The typical Hollywood myth portrays professional blackjack players as walking databanks — “Rain Man” clones with incredible photographic memories. The truth is that anyone with an average aptitude can learn to count cards and become a winning player. I do possess an exceptional memory, but my main strength was a dogged tenaciousness. I read everything by gifted players who came before me: brilliant men like Uston and Wong. I absorbed their advice and refined it, extracting every last ounce of theoretical edge card counters can gain over the house. Then, before ever setting foot in a casino, I disciplined myself to play like a machine, honing my skills with over a hundred practice hours at home, drilling relentlessly until all decisions and calculations became as natural as breathing. For example, I practiced talking while rapidly counting down decks, pushing myself until I could eventually fly through fifty-two cards in 12-14 seconds.

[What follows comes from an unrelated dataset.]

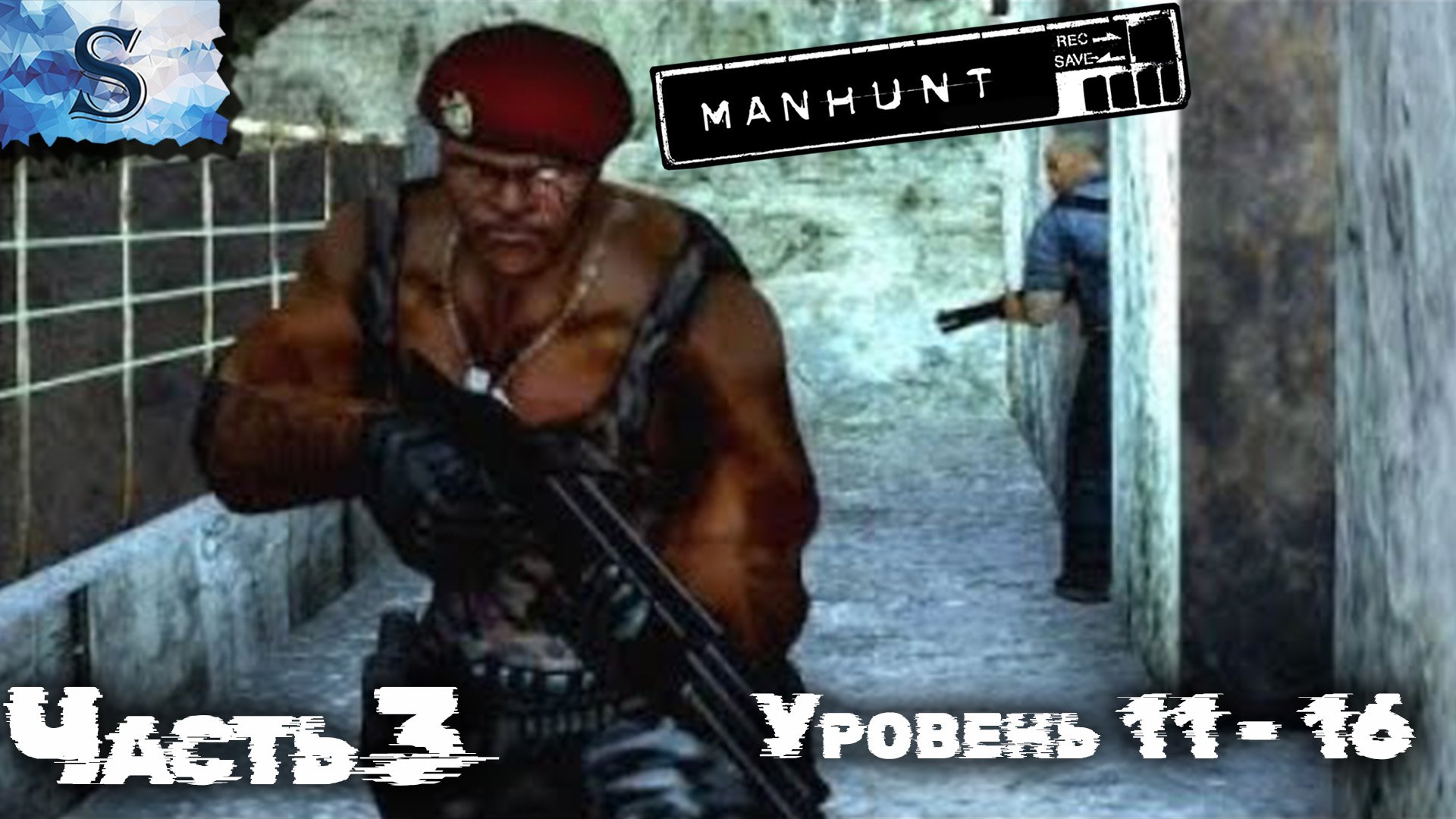 Manhunt ФинаЛ прохождение #4 ✦ На русском ✦ Уровень 17 - 21 ✦ #Manhunt #видеоигры #game #летсплей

Confident of my skills, I attacked any blackjack game up to six decks that offered good rules and great penetration, but I quickly realized that playing against one deck was the easiest way to beat the game. (Counting six decks is not more difficult than counting one, but the edge rarely rises as high and the win rate is usually lower in multiple decks.) However, some experts recommended playing only shoe games because pit bosses watched single deck so closely. A contrarian by nature, I refused to follow the herd and vowed early on to play only the very best games, and one and two deck offered the largest advantage for straight card counting. So while most counters flocked like lemmings to the shoes, I sought out hand-held games whenever possible. I still played some six-deck tables but disciplined myself to lay cash on the felt only for the strongest games, which meant that many days, I spent more time walking, in search of ideal conditions, than playing.
Another important quality a professional blackjack player needs is drive. To stay under the radar of casino surveillance, I constantly moved around. While most pros habitually returned to Las Vegas, I visited small towns far off the beaten path and braved icy roads to play Lake Tahoe when one casino there set up a potentially lucrative “over/under 13” side bet.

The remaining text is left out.